From 585e6786ea12b3b03c27052050bed6f458570f0f Mon Sep 17 00:00:00 2001
From: Honglu Fan <honglu2875@gmail.com>
Date: Sun, 17 Dec 2023 07:47:55 +0000
Subject: [PATCH 2/9] add warning; adjust verbose

---
 aria/run.py    | 2 +-
 aria/sample.py | 2 +-
 aria/utils.py  | 4 ++++
 3 files changed, 6 insertions(+), 2 deletions(-)

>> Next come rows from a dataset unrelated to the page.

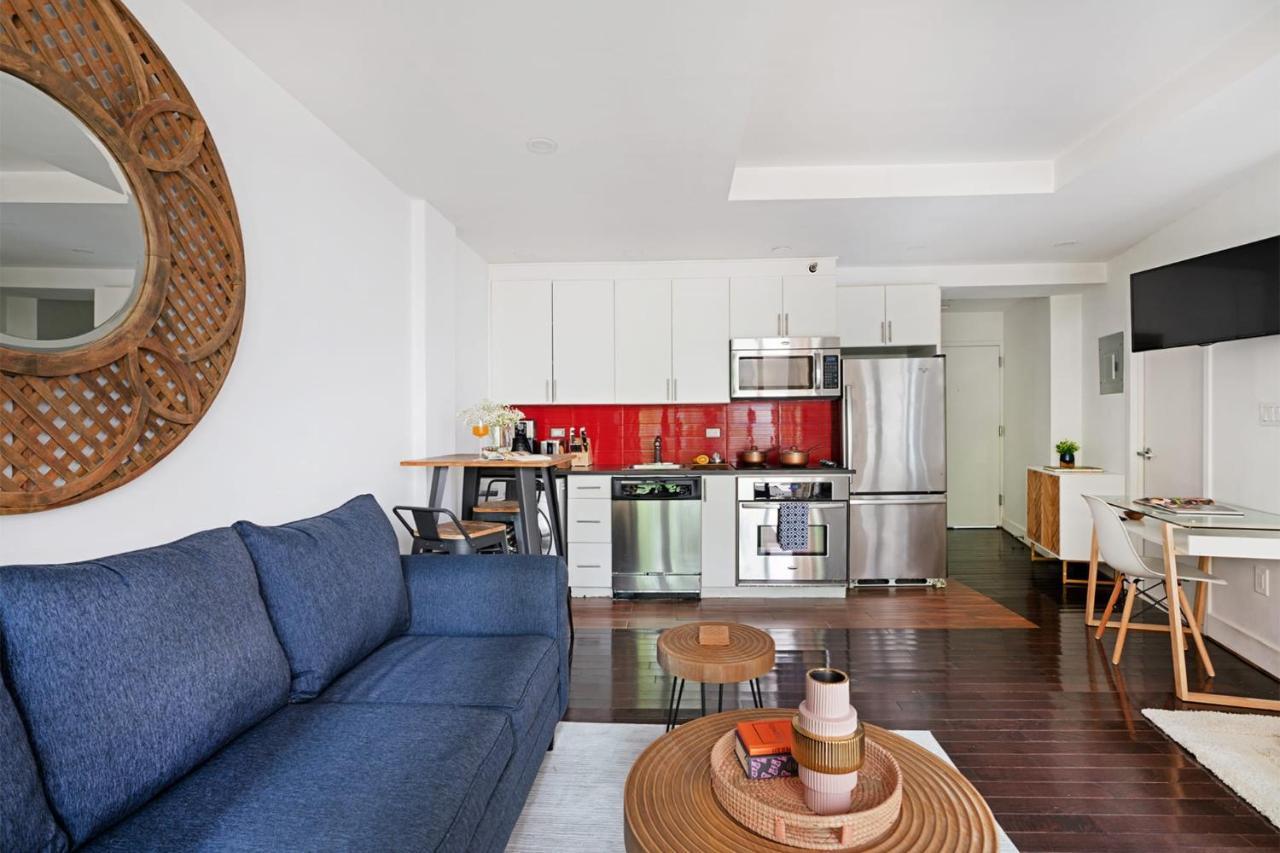 Apartment 809-2b New Bldg Jr Columbus Circle Balcony Wd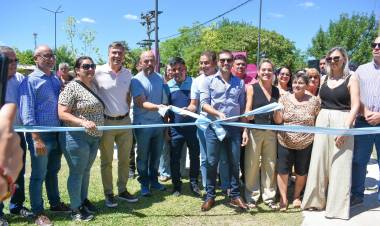 MÁS OBRAS PARA LA GENTE: EL GOBERNADOR ZDERO INAUGURÓ UNA NUEVA PLAZOLETA EN PUERTO VILELAS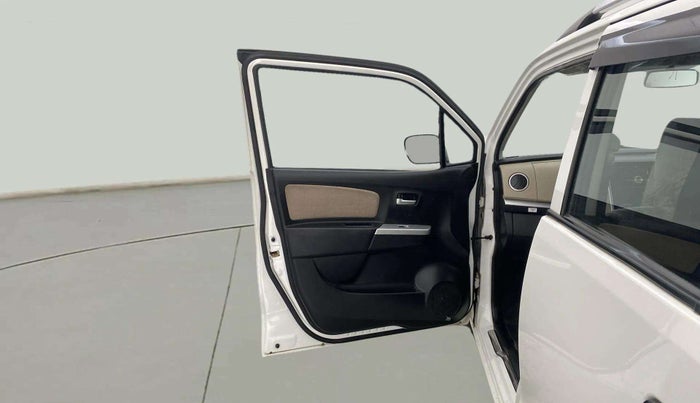 2018 Maruti Wagon R 1.0 LXI CNG, CNG, Manual, 33,322 km, LHS Front Door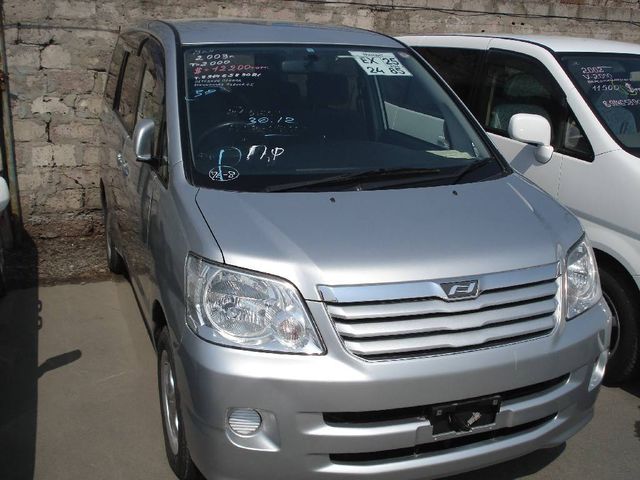 2003 Toyota Noah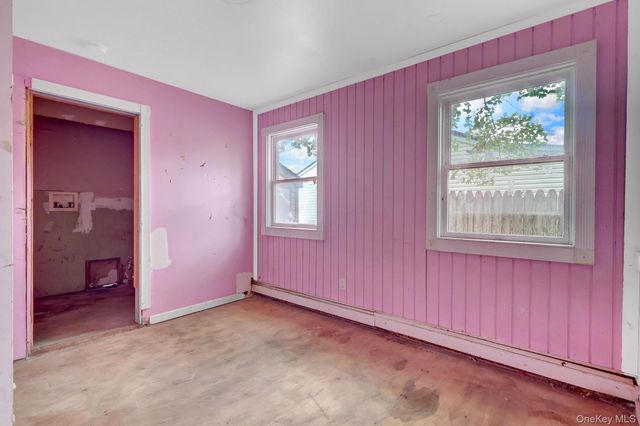 34 Thorburn Avenue, Patchogue, NY 11772
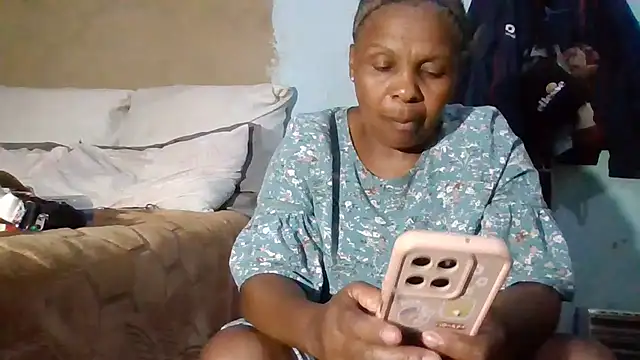 Snapshot of Nicky52 chatting on 02/25/26, 04:38 Nicky52 online show from 02/25/26, 04:38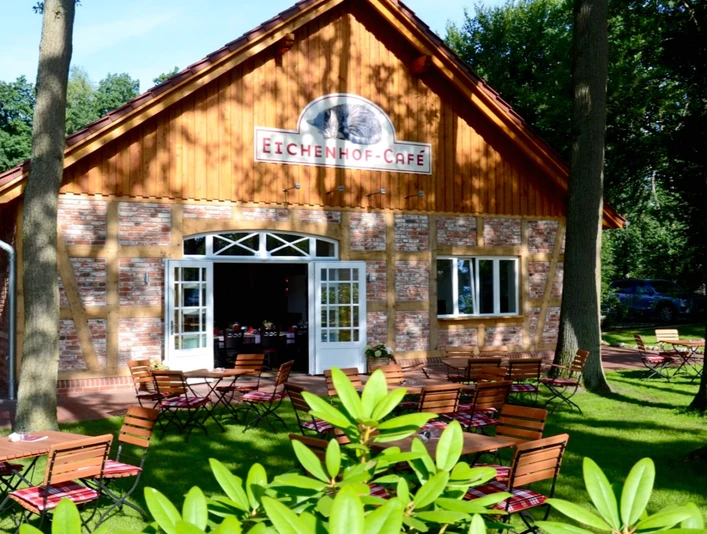 Außenplätze am Eichenhof-Café in Hellwege Außenplätze am Eichenhof-Café in HellwegeOutdoor seating at the Eichenhof Café in HellwegeUdendørs siddepladser på caféen Eichenhof i HellwegeBuiten zitten bij café Eichenhof in Hellwege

diff --git a/aria/run.py b/aria/run.py
index e3c3b6b..84d7a9c 100644
--- a/aria/run.py
+++ b/aria/run.py
@@ -245,7 +245,7 @@ def _quantize(module, key, input_shape):
         output_queue = Queue()
         player = Thread(target=_play, args=(input_queue, output_queue))
         player.start()
-        for token in greedy_sample(**kwargs, stream_tokens=True, verbose=True):
+        for token in greedy_sample(**kwargs, stream_tokens=True, verbose=False):
             input_queue.put_nowait(tokenizer.decode(token)[0])
         input_queue.put(None)
         player.join()
diff --git a/aria/sample.py b/aria/sample.py
index f495699..dd72b5e 100644
--- a/aria/sample.py
+++ b/aria/sample.py
@@ -118,7 +118,7 @@ def greedy_sample(
     temperature: float = 0.85,
     top_p: float = 0.9,
     stream_tokens: bool = False,
-    verbose: bool = False,
+    verbose: bool = True,
 ):
     """Performs greedy (top_p) autoregressive sampling on a batch of prompts.
 
diff --git a/aria/utils.py b/aria/utils.py
index e8c6155..9af5e7a 100644
--- a/aria/utils.py
+++ b/aria/utils.py
@@ -88,6 +88,7 @@ def _play(input_queue: Queue, output_queue: Queue):
     Credits to @maxreciprocate
     """
     SOUNDFONT_PATH = "fluidsynth/DoreMarkYamahaS6-v1.6.sf2"
+    _catch_up_warned = False
 
     if not _get_soundfont(SOUNDFONT_PATH):
         return
@@ -137,4 +138,7 @@ def _play(input_queue: Queue, output_queue: Queue):
                         del open_notes[note]
                         fs.noteoff(0, note)
         else:
+            if not _catch_up_warned:
+                print("Warning: token generation is falling behind")
+                _catch_up_warned = True
             time.sleep(0.1)

From b965357935b560fd524007979418fe3f1ab9cc51 Mon Sep 17 00:00:00 2001
From: Honglu Fan <honglu2875@gmail.com>
Date: Sun, 17 Dec 2023 18:29:54 +0000
Subject: [PATCH 3/9] add support for abs tokenizer for live play

---
 aria/model/cache.py |  54 +++++++++++++++----
 aria/run.py         |  20 +++++--
 aria/sample.py      |  21 +++++---
 aria/utils.py       | 127 ++++++++++++++++++++++++++++++++++----------
 4 files changed, 175 insertions(+), 47 deletions(-)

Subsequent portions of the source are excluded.